I have a typical small server whose primary purpose is to host a dozen or so low traffic websites. One site gets half my hits, three more most of the rest and the stragglers round out the lot attracting bots. Each virtual host has separate access_log and error_log files but all use the same format: access_common.
To take advantage of the new multi-index search in Splunk 4, I’ve set up my instance to use different indexes for various sources. In my case, it’s by person, as I have several groups of sites managed by a particular admin. The indexes are named www_something so as the overall administrator I can search across all of them with “index=www_*” and still not have to touch the other system events I’ve got going into the main index. I have also set up roles so each admin sees only the relevant data (and isn’t confused by the rest.) All the config is explained in the docs, so I won’t go over it right now.
There are several reasons to do this.
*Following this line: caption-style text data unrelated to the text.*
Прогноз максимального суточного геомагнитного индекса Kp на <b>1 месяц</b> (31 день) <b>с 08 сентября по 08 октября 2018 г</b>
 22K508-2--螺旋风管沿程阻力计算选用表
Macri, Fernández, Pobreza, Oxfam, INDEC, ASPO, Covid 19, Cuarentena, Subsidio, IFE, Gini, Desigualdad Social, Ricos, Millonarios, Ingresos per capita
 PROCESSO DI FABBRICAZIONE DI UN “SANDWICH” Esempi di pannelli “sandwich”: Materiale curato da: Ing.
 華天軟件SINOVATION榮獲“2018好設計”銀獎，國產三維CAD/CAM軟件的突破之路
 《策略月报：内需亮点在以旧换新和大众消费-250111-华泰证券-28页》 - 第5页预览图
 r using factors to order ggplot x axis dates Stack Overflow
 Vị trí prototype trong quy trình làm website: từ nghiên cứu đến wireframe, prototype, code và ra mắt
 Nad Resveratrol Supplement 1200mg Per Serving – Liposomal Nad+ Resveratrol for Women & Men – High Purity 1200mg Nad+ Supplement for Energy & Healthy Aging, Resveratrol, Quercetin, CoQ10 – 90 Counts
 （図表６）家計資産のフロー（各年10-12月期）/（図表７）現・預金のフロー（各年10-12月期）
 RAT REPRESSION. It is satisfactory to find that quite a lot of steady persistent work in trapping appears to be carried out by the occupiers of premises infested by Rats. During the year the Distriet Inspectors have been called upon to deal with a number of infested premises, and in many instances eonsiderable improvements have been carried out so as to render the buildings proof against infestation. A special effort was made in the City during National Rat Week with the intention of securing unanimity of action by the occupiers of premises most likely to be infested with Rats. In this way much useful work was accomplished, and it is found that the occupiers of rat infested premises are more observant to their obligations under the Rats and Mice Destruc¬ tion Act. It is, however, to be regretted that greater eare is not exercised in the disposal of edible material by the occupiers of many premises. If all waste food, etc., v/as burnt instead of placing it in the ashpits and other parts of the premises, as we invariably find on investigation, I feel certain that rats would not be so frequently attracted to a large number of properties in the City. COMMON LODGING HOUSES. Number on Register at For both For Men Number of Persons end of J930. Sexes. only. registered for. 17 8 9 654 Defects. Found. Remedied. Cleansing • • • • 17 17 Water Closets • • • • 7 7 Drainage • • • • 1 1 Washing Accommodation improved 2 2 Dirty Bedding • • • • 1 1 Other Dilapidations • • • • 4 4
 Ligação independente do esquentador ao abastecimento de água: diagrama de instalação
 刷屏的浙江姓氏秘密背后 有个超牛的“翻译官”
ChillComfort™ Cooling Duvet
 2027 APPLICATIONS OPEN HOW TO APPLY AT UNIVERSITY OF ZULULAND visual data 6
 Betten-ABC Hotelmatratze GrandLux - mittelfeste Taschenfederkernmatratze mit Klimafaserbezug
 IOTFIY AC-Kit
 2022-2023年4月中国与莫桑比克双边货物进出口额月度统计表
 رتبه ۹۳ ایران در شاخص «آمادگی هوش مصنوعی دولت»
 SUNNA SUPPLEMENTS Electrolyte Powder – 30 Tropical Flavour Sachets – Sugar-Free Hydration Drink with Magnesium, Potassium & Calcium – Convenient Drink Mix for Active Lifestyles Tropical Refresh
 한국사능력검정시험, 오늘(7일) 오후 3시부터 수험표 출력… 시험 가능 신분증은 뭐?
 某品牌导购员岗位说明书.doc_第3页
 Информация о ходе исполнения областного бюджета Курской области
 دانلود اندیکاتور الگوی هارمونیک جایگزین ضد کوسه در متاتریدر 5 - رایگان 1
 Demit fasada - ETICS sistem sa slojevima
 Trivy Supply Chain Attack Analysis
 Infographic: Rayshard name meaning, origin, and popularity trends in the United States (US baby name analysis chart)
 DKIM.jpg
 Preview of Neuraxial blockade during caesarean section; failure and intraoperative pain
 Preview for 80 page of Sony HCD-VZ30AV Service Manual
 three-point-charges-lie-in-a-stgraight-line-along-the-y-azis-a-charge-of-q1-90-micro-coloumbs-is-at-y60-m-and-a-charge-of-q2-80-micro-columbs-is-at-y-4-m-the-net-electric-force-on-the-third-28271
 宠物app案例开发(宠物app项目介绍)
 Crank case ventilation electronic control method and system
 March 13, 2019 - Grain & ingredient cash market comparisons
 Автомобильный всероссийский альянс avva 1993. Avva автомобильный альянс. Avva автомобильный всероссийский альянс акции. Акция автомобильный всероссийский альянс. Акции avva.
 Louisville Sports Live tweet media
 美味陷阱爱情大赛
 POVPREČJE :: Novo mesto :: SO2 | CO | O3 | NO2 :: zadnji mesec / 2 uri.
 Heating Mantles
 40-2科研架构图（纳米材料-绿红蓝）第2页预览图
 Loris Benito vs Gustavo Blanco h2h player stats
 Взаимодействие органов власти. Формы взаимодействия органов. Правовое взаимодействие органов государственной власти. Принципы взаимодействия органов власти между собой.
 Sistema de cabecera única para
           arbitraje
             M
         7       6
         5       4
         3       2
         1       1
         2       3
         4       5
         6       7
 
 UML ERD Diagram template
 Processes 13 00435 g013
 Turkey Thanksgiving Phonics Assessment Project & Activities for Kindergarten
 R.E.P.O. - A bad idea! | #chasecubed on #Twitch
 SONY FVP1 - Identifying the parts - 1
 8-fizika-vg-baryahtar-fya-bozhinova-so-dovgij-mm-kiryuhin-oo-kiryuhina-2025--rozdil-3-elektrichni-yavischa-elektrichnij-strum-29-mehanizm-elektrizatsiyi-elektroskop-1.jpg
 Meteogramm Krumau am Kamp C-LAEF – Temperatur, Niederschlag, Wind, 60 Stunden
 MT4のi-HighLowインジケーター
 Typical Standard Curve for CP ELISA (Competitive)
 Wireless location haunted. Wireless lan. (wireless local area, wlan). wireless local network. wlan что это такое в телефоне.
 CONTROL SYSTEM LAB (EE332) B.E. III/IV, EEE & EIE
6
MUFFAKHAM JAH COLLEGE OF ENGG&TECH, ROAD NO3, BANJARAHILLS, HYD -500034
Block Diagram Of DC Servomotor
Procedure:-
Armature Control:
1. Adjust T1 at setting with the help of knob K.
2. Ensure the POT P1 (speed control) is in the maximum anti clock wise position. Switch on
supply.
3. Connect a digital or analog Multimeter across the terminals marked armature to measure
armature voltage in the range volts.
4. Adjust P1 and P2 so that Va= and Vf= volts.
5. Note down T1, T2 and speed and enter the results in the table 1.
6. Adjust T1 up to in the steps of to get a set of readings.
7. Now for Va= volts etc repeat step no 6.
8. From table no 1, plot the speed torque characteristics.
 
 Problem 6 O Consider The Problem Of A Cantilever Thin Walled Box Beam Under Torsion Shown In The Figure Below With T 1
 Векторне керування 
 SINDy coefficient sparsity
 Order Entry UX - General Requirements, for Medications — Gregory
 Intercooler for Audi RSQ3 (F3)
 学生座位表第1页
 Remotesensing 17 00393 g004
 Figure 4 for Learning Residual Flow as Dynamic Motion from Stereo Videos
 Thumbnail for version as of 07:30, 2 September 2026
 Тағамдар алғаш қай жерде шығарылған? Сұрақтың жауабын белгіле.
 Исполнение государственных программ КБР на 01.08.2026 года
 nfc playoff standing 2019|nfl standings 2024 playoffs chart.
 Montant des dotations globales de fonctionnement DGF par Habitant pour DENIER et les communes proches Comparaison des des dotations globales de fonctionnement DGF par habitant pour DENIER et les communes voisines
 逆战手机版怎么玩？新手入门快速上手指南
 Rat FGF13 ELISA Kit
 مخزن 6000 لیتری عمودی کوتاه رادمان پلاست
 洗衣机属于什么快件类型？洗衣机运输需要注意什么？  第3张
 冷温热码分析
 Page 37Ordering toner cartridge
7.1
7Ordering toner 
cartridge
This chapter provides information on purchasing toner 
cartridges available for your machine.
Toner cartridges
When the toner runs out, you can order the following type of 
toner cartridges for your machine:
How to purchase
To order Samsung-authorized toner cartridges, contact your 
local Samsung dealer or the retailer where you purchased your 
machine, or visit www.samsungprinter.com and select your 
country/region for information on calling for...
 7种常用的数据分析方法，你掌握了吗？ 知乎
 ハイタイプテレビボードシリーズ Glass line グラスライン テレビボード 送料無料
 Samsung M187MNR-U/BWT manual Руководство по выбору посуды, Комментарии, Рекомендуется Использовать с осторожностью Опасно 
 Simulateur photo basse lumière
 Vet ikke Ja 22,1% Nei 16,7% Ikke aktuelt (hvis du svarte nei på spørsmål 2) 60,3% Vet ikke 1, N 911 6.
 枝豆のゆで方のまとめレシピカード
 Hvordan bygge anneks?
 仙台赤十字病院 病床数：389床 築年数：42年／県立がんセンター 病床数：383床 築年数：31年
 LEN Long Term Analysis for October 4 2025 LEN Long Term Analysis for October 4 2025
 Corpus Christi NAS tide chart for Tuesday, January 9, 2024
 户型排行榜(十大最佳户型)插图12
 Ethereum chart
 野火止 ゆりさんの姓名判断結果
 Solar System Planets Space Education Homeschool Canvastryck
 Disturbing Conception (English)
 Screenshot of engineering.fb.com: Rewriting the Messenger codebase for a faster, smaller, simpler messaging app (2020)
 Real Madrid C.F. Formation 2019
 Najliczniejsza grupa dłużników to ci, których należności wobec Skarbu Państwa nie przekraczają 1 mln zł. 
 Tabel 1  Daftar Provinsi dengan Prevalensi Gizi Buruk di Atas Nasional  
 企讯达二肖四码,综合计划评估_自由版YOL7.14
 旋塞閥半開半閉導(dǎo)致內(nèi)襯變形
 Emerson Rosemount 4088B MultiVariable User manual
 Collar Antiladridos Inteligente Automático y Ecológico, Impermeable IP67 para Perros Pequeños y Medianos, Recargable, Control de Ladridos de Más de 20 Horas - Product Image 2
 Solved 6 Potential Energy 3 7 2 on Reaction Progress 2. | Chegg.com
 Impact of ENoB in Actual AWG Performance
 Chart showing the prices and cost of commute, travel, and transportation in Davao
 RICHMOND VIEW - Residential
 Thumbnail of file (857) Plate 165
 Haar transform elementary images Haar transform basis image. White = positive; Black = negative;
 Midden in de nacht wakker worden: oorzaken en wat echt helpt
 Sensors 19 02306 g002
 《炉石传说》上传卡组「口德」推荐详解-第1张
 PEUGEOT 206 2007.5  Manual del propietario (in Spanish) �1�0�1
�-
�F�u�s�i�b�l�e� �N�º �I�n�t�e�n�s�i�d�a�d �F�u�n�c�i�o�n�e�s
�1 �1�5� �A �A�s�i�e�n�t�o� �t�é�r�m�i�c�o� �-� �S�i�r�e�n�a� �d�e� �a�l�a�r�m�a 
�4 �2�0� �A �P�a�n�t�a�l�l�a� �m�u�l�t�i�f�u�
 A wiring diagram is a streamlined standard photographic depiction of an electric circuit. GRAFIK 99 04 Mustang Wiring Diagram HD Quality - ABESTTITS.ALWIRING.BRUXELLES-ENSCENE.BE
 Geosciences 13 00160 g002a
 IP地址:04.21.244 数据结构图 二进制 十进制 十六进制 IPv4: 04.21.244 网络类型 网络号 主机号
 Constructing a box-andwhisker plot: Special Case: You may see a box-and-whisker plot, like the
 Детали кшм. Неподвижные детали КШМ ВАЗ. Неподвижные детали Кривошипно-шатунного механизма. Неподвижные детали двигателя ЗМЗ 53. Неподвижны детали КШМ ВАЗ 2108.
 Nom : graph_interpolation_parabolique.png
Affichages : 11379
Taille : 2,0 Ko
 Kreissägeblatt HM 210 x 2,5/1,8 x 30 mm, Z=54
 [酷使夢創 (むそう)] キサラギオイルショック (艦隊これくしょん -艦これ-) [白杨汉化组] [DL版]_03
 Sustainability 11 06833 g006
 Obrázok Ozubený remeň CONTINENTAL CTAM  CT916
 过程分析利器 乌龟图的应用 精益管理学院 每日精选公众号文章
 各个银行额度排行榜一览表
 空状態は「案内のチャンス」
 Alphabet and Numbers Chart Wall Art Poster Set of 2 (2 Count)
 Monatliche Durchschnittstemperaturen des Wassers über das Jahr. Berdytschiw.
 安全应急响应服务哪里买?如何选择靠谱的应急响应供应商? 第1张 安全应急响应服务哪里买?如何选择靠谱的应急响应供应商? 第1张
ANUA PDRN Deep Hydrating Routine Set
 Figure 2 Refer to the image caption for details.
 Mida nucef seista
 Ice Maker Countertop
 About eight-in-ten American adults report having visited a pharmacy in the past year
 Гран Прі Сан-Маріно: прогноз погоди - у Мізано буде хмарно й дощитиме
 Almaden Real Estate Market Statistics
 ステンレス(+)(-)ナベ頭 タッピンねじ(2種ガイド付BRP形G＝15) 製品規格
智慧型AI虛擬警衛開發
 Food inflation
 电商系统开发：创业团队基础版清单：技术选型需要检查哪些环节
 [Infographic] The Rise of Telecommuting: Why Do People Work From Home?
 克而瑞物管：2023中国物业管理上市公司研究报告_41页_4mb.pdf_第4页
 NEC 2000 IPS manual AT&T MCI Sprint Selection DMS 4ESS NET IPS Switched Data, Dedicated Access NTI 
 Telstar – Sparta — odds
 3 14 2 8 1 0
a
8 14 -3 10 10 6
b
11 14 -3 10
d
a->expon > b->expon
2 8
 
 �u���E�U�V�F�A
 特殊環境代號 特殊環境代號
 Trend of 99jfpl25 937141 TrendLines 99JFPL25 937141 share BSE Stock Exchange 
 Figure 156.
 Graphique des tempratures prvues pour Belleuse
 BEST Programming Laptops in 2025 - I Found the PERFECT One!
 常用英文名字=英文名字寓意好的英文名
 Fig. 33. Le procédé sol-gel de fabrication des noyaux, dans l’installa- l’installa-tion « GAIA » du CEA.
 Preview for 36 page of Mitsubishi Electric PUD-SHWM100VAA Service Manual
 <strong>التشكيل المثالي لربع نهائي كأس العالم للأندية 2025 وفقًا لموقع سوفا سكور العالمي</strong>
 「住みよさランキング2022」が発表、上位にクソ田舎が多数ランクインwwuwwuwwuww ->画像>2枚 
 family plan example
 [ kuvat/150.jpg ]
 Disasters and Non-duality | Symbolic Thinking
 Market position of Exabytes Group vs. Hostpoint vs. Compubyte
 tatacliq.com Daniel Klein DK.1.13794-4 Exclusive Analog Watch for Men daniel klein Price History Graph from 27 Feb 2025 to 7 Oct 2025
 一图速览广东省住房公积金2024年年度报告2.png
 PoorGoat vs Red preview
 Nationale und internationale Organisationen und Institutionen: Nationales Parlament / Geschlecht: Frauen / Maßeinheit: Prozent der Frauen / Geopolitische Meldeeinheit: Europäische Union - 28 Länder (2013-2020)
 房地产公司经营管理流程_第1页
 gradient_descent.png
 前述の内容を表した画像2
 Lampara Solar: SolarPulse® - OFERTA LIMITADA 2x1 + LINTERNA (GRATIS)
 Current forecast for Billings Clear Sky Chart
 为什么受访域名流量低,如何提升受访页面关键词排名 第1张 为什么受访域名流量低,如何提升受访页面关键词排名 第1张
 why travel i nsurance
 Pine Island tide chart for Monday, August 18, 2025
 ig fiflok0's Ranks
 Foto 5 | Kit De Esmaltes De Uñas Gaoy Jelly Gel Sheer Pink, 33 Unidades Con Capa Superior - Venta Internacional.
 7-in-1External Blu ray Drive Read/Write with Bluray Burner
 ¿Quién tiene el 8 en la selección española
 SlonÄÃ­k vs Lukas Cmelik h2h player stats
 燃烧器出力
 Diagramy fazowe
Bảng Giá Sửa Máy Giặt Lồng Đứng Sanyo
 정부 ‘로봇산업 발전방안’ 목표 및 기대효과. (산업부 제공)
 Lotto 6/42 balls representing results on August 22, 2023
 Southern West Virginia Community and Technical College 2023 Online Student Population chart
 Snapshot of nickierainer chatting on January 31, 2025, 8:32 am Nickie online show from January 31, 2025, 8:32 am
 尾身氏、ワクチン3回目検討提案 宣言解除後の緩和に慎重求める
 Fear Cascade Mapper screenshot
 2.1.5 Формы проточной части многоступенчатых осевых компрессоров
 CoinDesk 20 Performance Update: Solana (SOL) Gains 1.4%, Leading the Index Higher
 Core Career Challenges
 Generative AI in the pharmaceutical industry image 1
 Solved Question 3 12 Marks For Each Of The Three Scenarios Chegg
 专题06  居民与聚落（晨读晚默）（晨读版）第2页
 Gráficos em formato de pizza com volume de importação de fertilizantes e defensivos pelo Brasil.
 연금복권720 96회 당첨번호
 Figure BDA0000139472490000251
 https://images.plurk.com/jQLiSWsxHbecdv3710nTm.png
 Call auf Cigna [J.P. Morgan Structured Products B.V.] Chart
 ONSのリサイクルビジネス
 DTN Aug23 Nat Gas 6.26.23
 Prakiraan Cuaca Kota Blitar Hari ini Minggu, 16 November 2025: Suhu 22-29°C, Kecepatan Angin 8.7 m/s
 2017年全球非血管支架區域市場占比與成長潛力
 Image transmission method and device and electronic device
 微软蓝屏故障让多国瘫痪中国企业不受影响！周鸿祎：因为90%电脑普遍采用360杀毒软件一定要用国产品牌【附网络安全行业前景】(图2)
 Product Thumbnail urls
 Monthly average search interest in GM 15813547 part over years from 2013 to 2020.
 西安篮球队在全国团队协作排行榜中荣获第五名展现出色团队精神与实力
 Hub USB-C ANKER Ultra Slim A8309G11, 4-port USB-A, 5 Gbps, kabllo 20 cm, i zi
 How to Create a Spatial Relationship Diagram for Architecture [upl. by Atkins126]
With each broad class of data in a separate index, I can apply different retention policies to each. This can be a big deal for high-traffic webservers where you might want to keep the OS logs around longer than the web logs.
Next, if you can divide your data into discrete categories it makes it easier to assign roles to access only certain parts of it. “All your stuff is in your index” is a much simpler policy to enforce than “You get this, and that, and this other thing…” and so on. You can do that, and with excruciating granularity, via search filters, but under the hood what it does is tack stuff onto your search. This can lead to some pretty hairy searches as splunkd has to decide which results it’s looked through actually should get returned.
The most important is search performance: data can be pulled off disk only so fast. If there is less of it to slog through at once, the files that are looked at are more likely to be relevant and your search will complete faster.